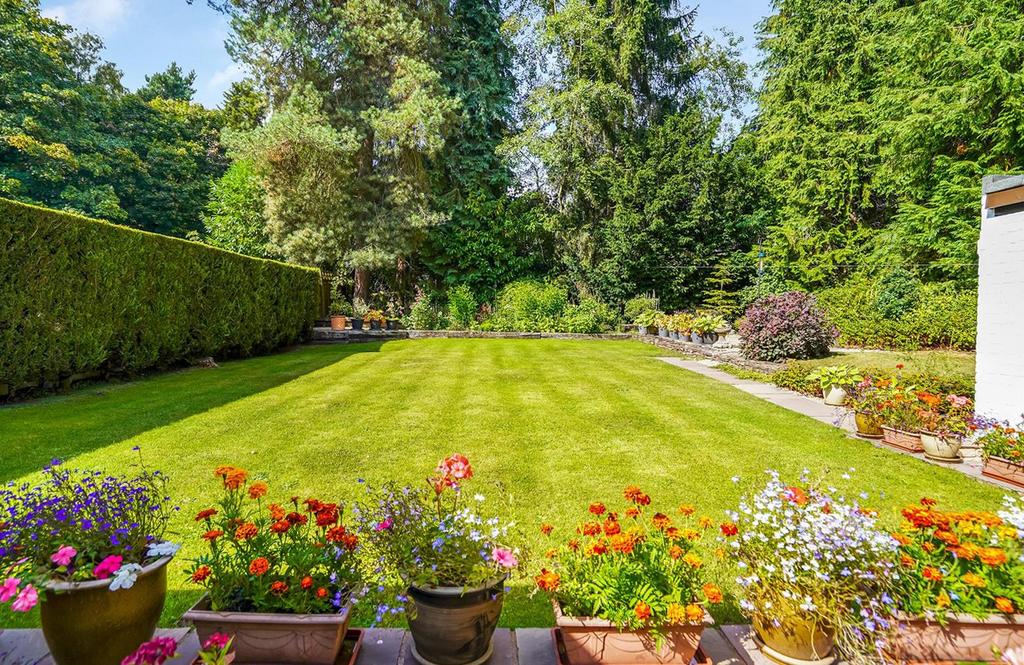 Rear Garden Summer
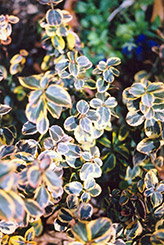 Canadale Gold Wintercreeper (Euonymus fortunei 'Canadale Gold') at Marlin Orchards & Garden Centre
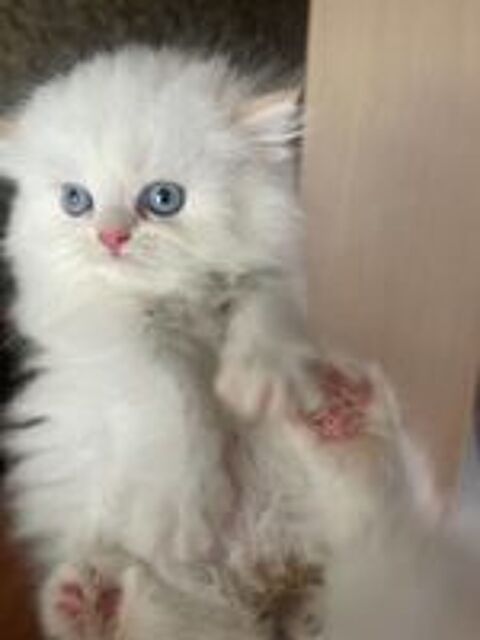   Chatons Persan 
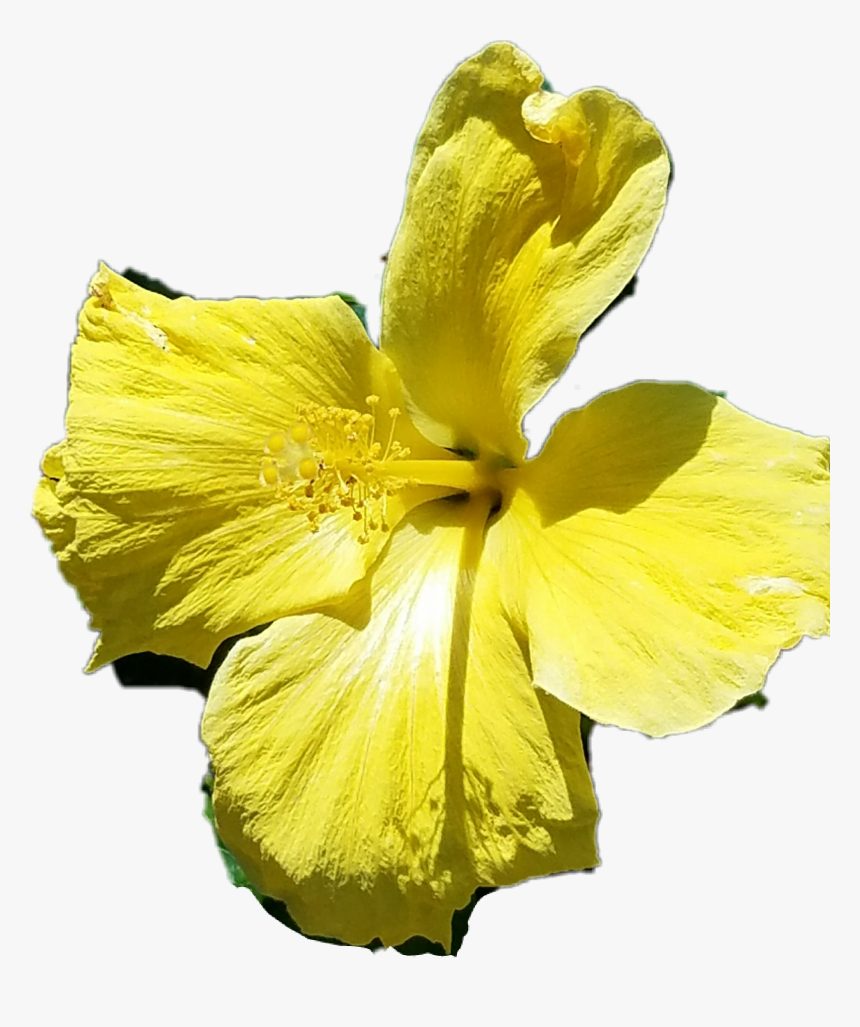 #flower - Hawaiian Hibiscus, HD Png Download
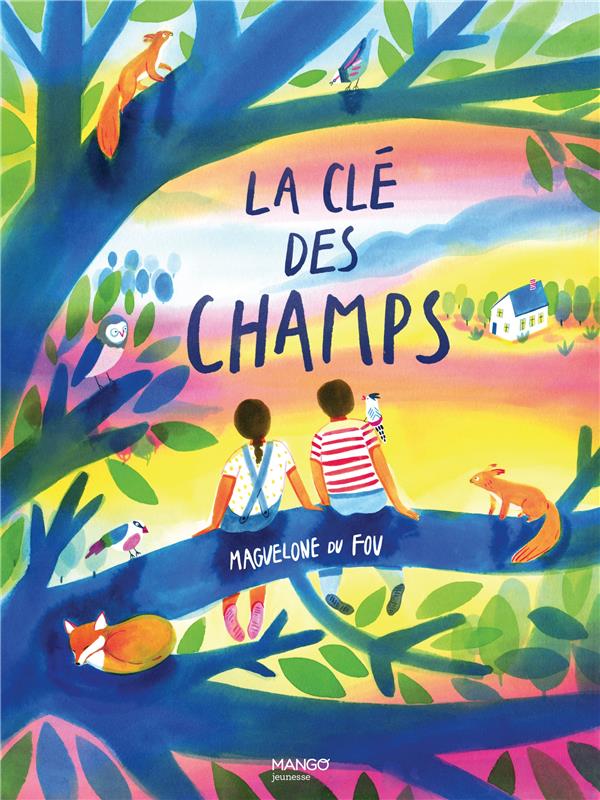 La clé des champs - flash vidéo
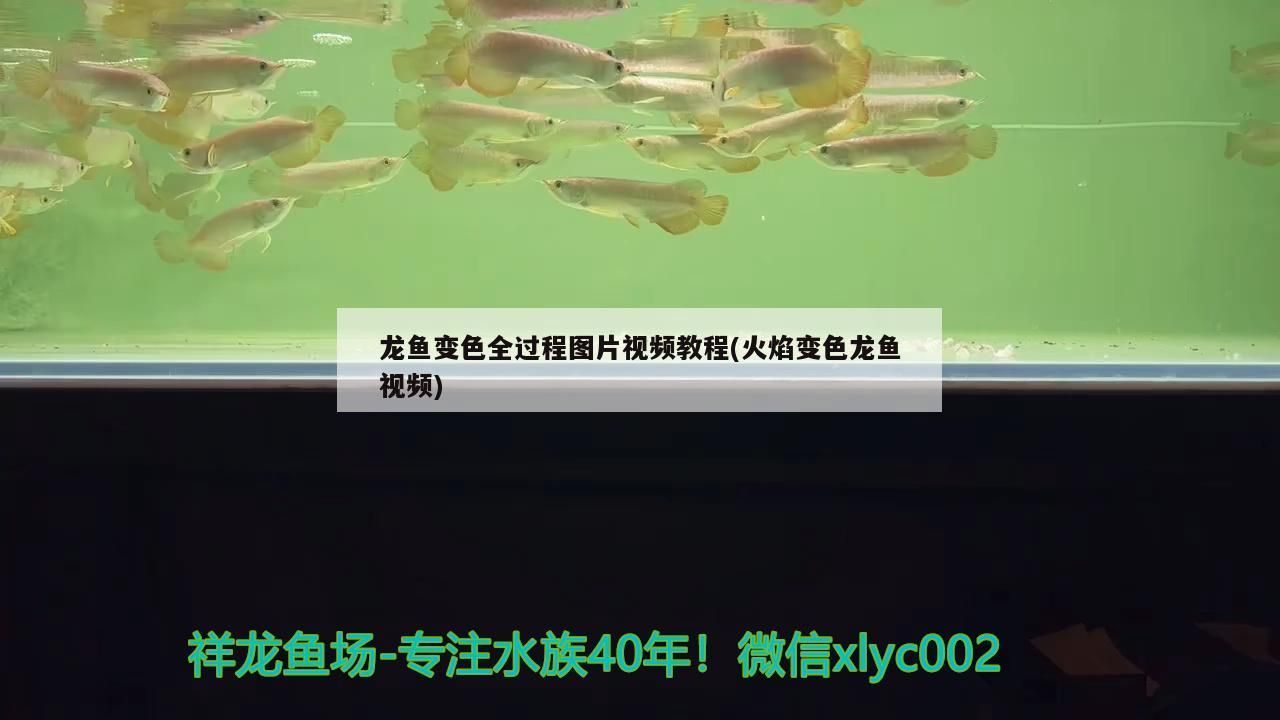 龍魚變色全過程圖片視頻教程(火焰變色龍魚視頻) 龍魚變色全過程圖片視頻教程(火焰變色龍魚視頻) 觀賞魚百科
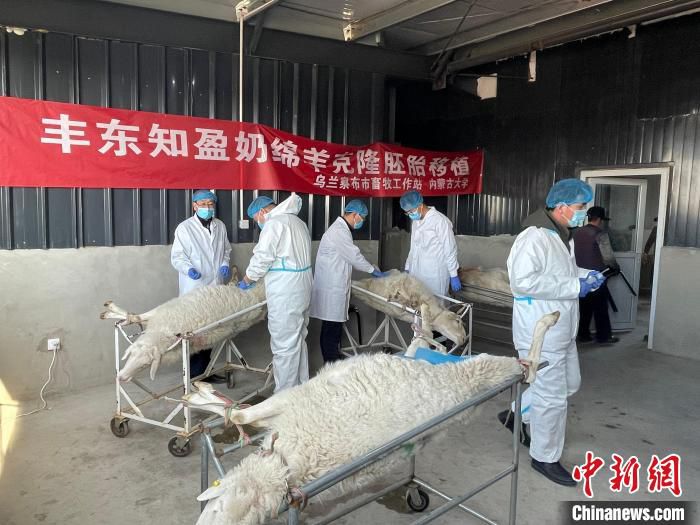 图为李光鹏团队正在将克隆好的胚胎植入母羊体中。　受访者供图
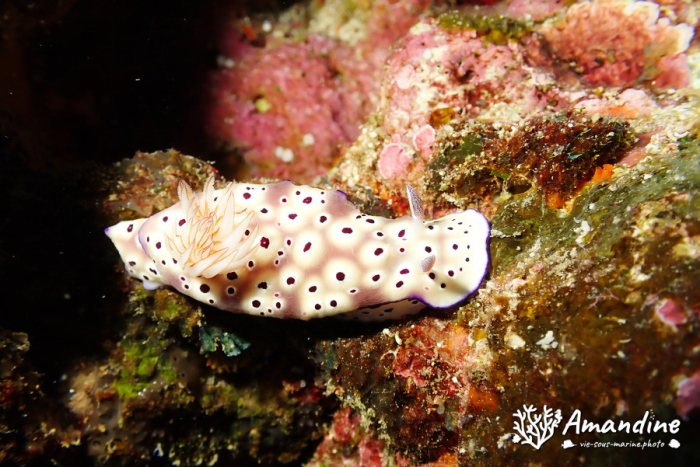 Hypselodoris tryoni
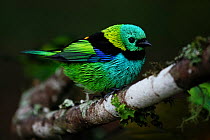 Green-headed tanager (Tangara seledon) perching on branch, Intervales State Park, Sao Paulo, Atlantic Forest South-East Reserves, UNESCO World Heritage Site, Brazil.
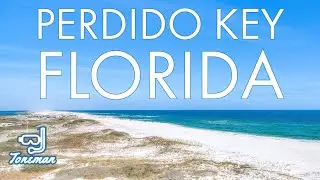Snorkeling in Perdido Key Florida | Electric Stingray!⚡OUCH!!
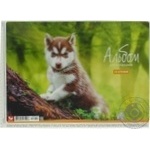 Альбом Школярик для малювання 20аркушів Art.472023 х10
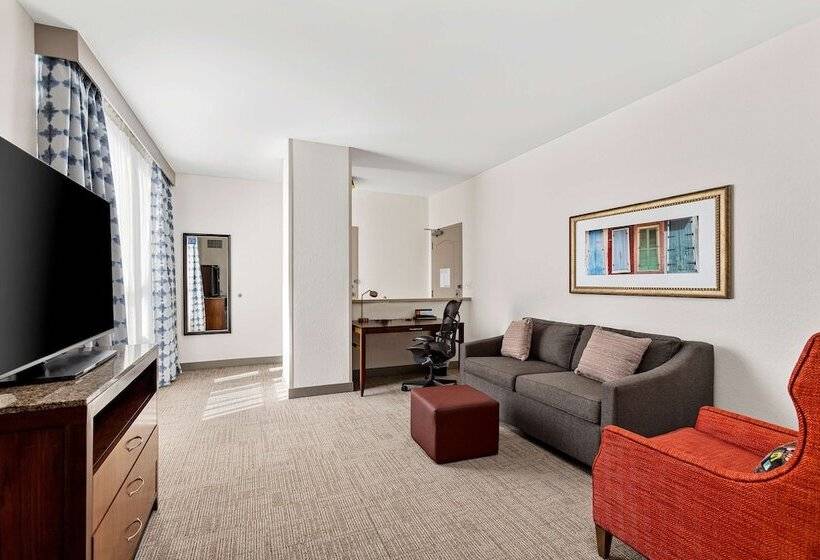 Люкс Адаптированный для Инвалидов, Hilton Garden Inn New Orleans French Quarter/cbd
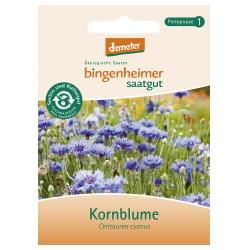 Kornblume Saatgut: Blumen blume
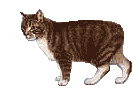 Woy 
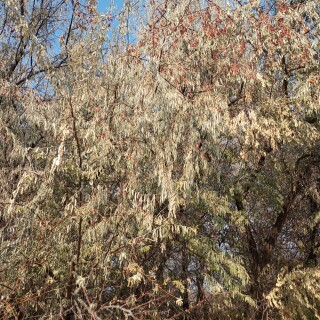 f489590d842551ea74050e2bd7ae9802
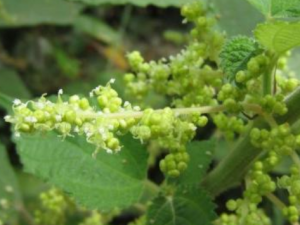 ��ë����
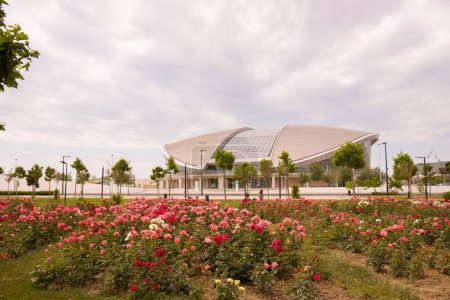 Foto de Bakú. Azerbaiyán. 05.27.2021. Hermosas rosas en el palacio de deportes acuáticos. - Imagen libre de derechos
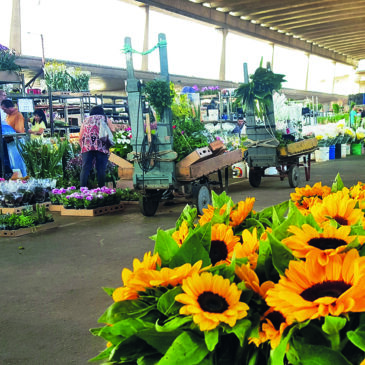 Ceagesp prepara a maior paella do Brasil para comemorar seus 53 anos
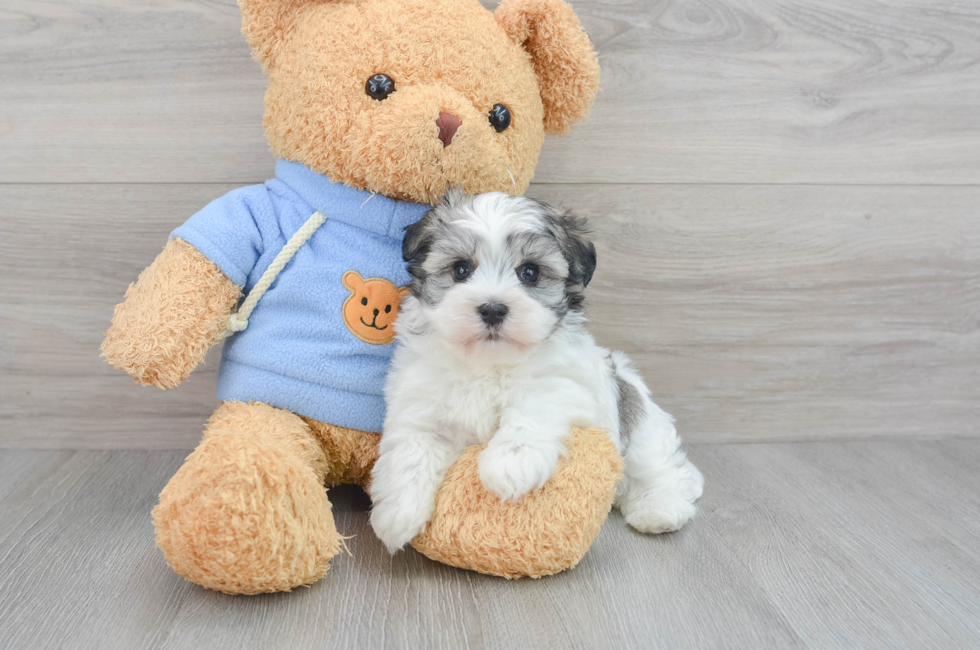 5 week old Havanese Puppy For Sale - Premier Pups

******

- Exercise description
Give back, word for word, the lines from the line that contains "Люкс Адаптированный для" through the last line of the records, with no pictures and nothing else.

- Task result
 Люкс Адаптированный для Инвалидов, Hilton Garden Inn New Orleans French Quarter/cbd
 Kornblume Saatgut: Blumen blume
 Woy 
 f489590d842551ea74050e2bd7ae9802
 ��ë����
 Foto de Bakú. Azerbaiyán. 05.27.2021. Hermosas rosas en el palacio de deportes acuáticos. - Imagen libre de derechos
 Ceagesp prepara a maior paella do Brasil para comemorar seus 53 anos
 5 week old Havanese Puppy For Sale - Premier Pups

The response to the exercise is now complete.